CALLER: Yeah, her accents on the words were -- it's just all wrong if you analyzed the way she said it.
RUSH: Tell me how she said it, in --
CALLER: "What difference, at this point, does it make?"
CALLER: By inserting that clause in the middle, it's an abnormally spoken construction.
RUSH: Right. "What difference, at this point, does it make?" Instead of, "What difference does it make?"
CALLER: Even adding "at this point" at the beginning or the end --
CALLER: -- because if she did it that way, which is the way normal people would do it, you could take the "what difference does it make?" and it would be a devastating political commercial against her.
RUSH: Well, I'll tell you something else. That's an excellent point. You know, I'm a student of the use of language and words, phraseology, and that's a really good point and a good observation, as well. But Mrs. Clinton, if I'm not mistaken, I think there have been planted questions at Mrs. Clinton press conferences.
CNN back in 2007: "Student Claims She Was Fed Question for Clinton." This is from Grinnell, Iowa. "The college student who was told what question to ask at one of New York Sen. Hillary Clinton's campaign events said 'voters have the right to know what happened' and she wasn't the only one who was planted. In an exclusive on-camera interview with CNN, Muriel Gallo-Chasanoff, a 19-year-old sophomore at Grinnell College in Grinnell, Iowa, said giving anyone specific questions to ask is 'dishonest,' and the whole incident has given her a negative outlook on politics.
"Gallo-Chasanoff, whose story was first reported in the campus newspaper, said what happened was simple: She said a senior Clinton staffer asked if she'd like to ask the senator a question after an energy speech the Democratic presidential hopeful gave in Newton, Iowa, on November 6. ... He then opened a binder to a page that, according to Gallo-Chasanoff, had about eight questions on it. 'The top one was planned specifically for a college student,' she added. 'It said "college student" in brackets and then the question.' Topping that sheet of paper was the following: 'As a young person, I'm worried about the long-term effects of global warming. How does your plan combat climate change?'"
So apparently Mrs. Clinton planted questions and found students to ask them in press conferences.
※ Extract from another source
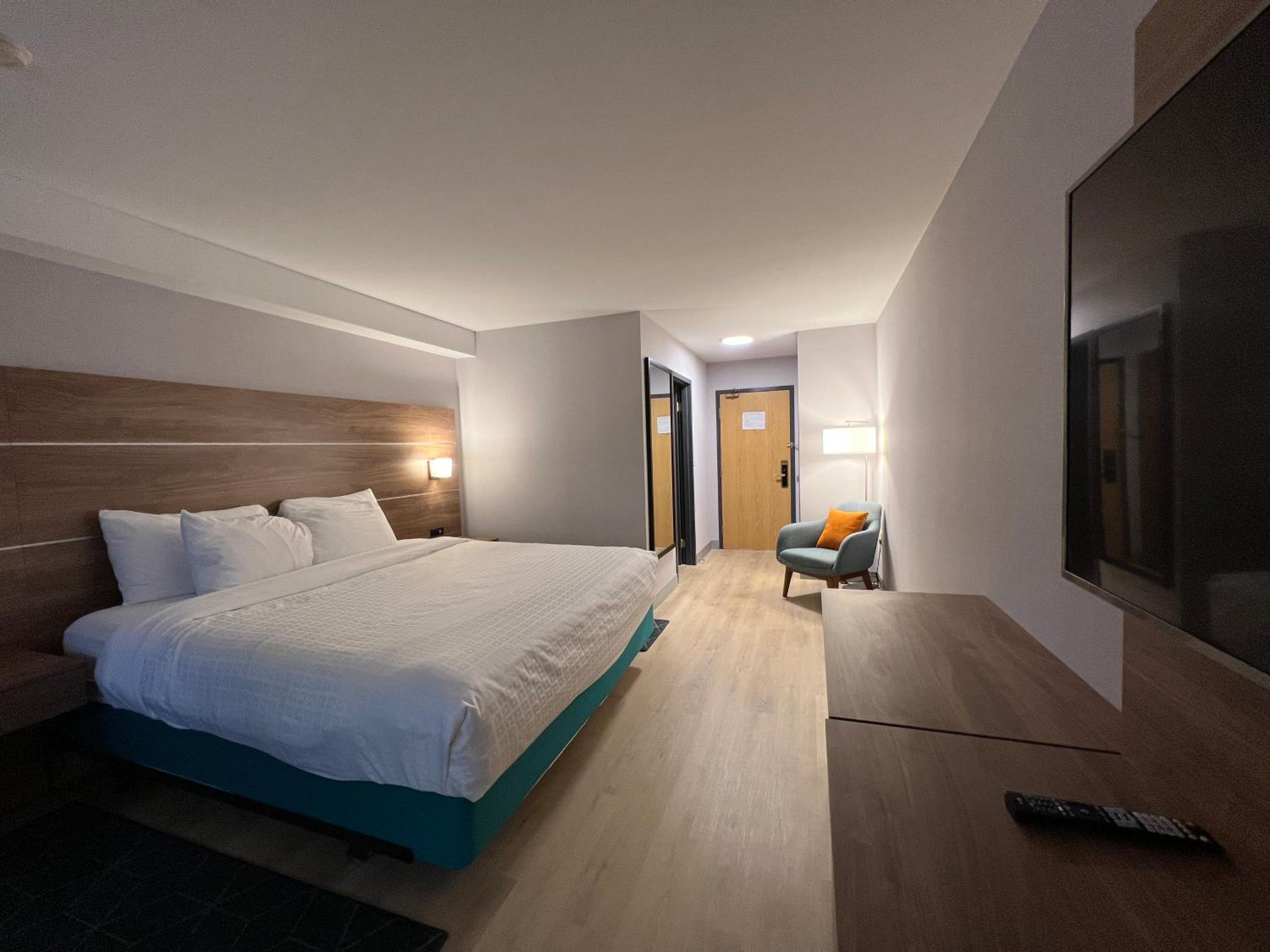 King Room - Non-Smoking - Photo 5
There's another one November 10th 2007, this is Major Garrett, he was at Fox News then. "Clinton Campaign Accused for the Second Time of Planting a Question at a Public Appearance." This one Sioux City, Iowa. "For the second time in as many days, Hillary Clinton's presidential campaign has had to deal with accusations of planting questions during public appearances.
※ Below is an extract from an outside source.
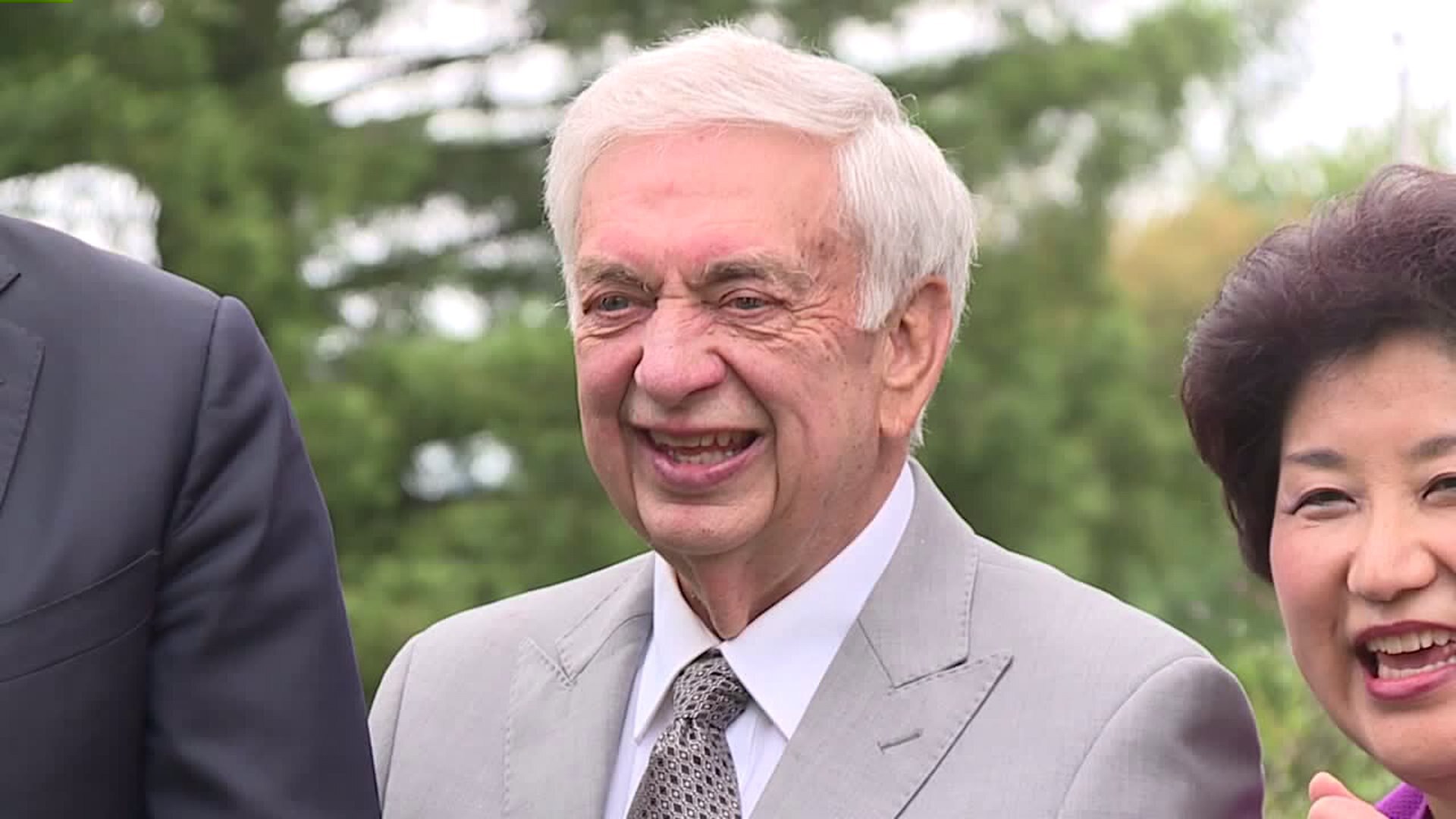Former Washington governor dies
"In a telephone interview Saturday with Fox News, Geoffrey Mitchell, 32, said he was approached by Clinton campaign worker Chris Hayler to ask a question about how she was standing up to President Bush on the question on funding the Iraq war and a troop withdrawal timeline. The encounter happened before an event hosted by Iowa State Sen. Gene Frais on a farm outside Fort Madison, Iowa."
So I think we've established here that when it comes to staging events, the Clintons are capable and have done it. And I don't think it's just the Clintons. Hell, look at all the times the Democrats parade victims up in the middle of their press conferences. Those are staged events as well, all designed to evoke an emotional reaction among people watching on TV. Barney, thanks for the call.
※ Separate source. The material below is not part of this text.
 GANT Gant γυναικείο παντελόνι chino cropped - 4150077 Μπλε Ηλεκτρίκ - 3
We've gotta take another brief, obscene profit break here at the Rush Limbaugh program. We're back right after this.
RUSH: How about this, folks? How about all of those people that fainted at Barack Obama's speeches? How many of those do you think were staged, 'cause they don't happen anymore. He still goes out there and speaks where there's crowds and where it's hot, but nobody seems to faint anymore. But it used to be routine when he went out there. The point is: How much of what is liberalism is genuine anyway? The point is, very little of it is. The reality of it is something they can't ever let you see it, when you get down to brass tacks.